Work to be completed -
Please give back, word for word, only the lines starting at the one containing "Padre Hugo Gabriel" and ending at the one containing "Noirmoutier island - Noirmoutier-en-l'Île: narrow" within the material below.

Input records -
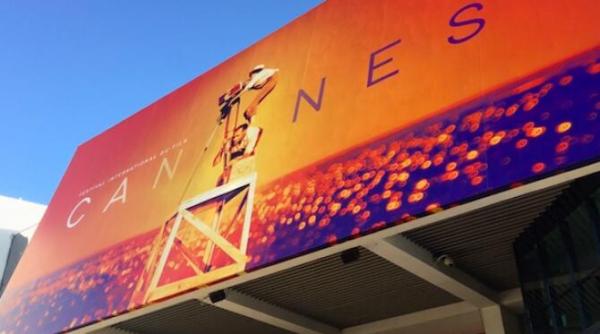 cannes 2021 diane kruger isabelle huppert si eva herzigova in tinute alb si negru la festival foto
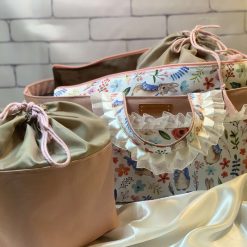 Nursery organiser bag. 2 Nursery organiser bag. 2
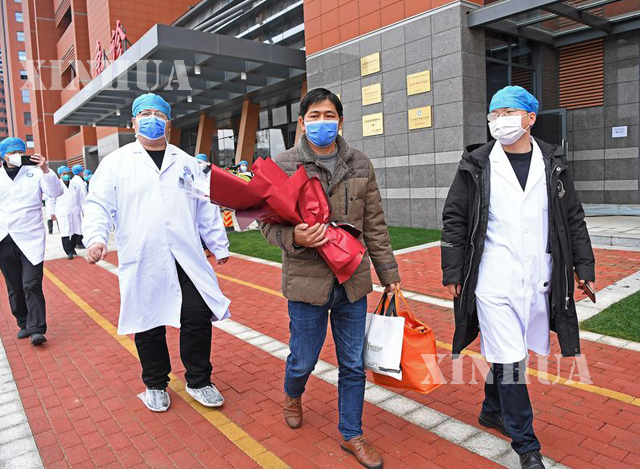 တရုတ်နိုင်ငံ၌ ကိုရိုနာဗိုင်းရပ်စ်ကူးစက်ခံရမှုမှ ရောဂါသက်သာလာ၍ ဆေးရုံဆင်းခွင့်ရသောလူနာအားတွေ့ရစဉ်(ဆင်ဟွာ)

==

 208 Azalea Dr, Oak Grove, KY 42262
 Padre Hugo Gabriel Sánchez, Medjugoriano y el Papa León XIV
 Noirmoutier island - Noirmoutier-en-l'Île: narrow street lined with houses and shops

Response -
 Padre Hugo Gabriel Sánchez, Medjugoriano y el Papa León XIV
 Noirmoutier island - Noirmoutier-en-l'Île: narrow street lined with houses and shops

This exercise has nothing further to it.